Symantec was quick to state that the source code does not reflect the firm's current work. By analyzing the anti-malware source code, malware writers would be able to find weaknesses in order to bypass the software and hijack machines for malicious purposes. It's understood that the Indian authorities intended to inspect the source code, which was stolen from an insecure network.
24 million affected by Zappos hack
Online retail store Zappos suffered a significant data breach that exposed the accounts of about 24 million.
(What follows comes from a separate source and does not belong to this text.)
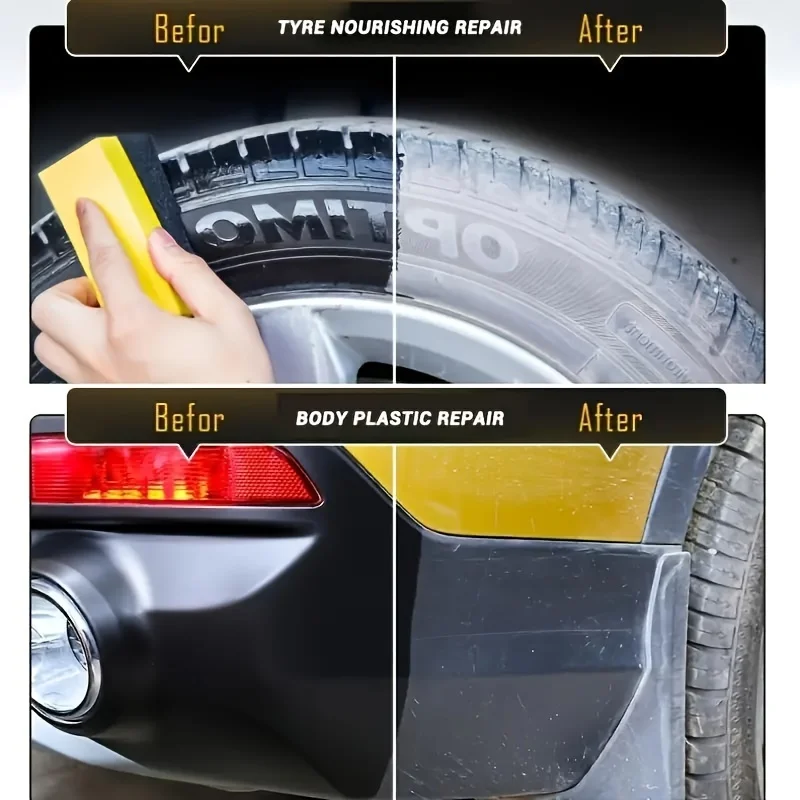 Car Tire Repair Kit & Panel Renewal Wax Coating Agent Car Plastic Back To Black Shine Gloss Long-Lasting Tire Polish Wax thumbnail 4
Security experts thought it was the largest consumer data breach of 2012.
Amazon.com-owned Zappos said hackers attacked an internal corporate network through a Kentucky-based server, and swiped customer account information, including email addresses, the last four-digits of credit card details, and cryptographically scrambled passwords.
February: Statfor hacked, Anonymous hands emails to Wikileaks
Loose-knitted hacking collective Anonymous successfully attacked Stratfor, a private U.S. intelligence firm, and swiped around five million emails. The data was then handed to Wikileaks for later publication. The email cache included invoices and details of sources connected to news media outlets, and employees of governments located around the world.
Once the full email cache was released, a controversy began when a number of Western Allied governments were accused of using TrapWire surveillance software. It was an overblown fear, not quite the 'global network of cameras' as suggested by a number of media outlets, but was nonetheless a potentially liberty-infringing network.